The verdict imposed in May under Article 282 Part 1 by Balaklavsky District Court of Sevastopol on a local resident I. Stukalo also gives reasons for doubt; he received a suspended sentence of two years with an eight-month probation period. According to the law enforcement, the Balaklava resident published on his social network page an image with the caption intended “to incite hatred and hostility towards law enforcement agencies of the Russian Federation.” We have no information on the image in question and do not know whether the caption contained calls for violence.

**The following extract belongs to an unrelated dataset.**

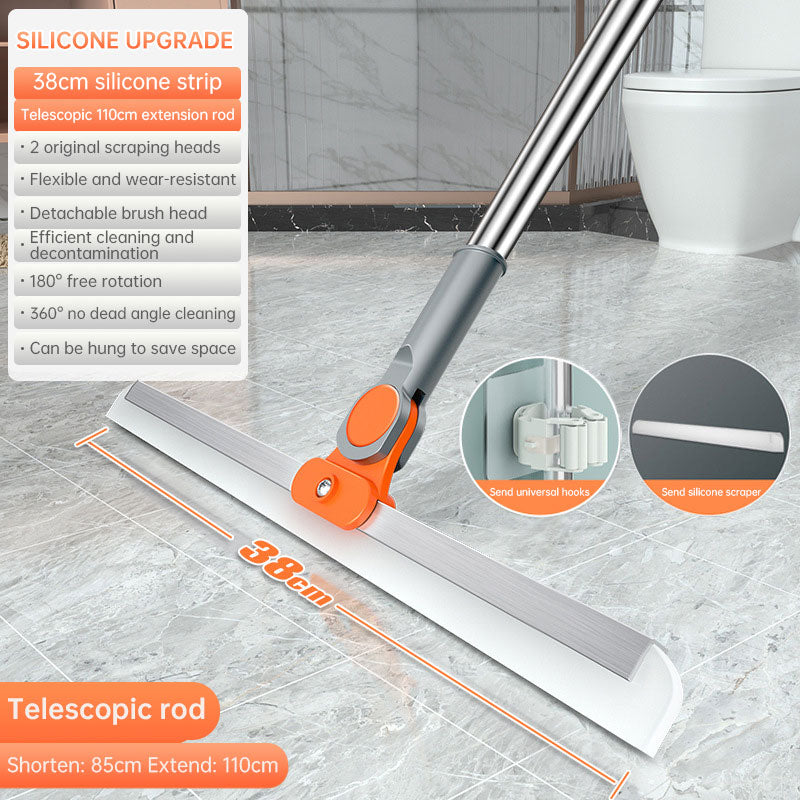 Magic Broom, Water Scraper, Mop, Bathroom Floor Scraper, Household Bathroom Floor Scraper, Wet and Dry Dual Purpose Broom - V.I.P Digital Presence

However, in general, we believe that law enforcement officers do not constitute a vulnerable social group in need of protection under Article 282. On the contrary, they belong to the category of officials who should not be overly sensitive to harsh criticism.
It became known in July that student Ibrahim Yangulbaev was under arrest in Grozny, charged under Article 282 with inciting hatred against the social group “Russian military personnel.” The prosecution against Yangulbaev was based on his VKontakte publication of the photographs of civilians (both Chechens and Russians) killed during the first and second Chechen campaigns. We had no opportunity to review Yangulbaev’s publications and cannot judge their content. However, the military personnel does not constitute a particularly vulnerable social group that needs to be protected from incitement to hatred.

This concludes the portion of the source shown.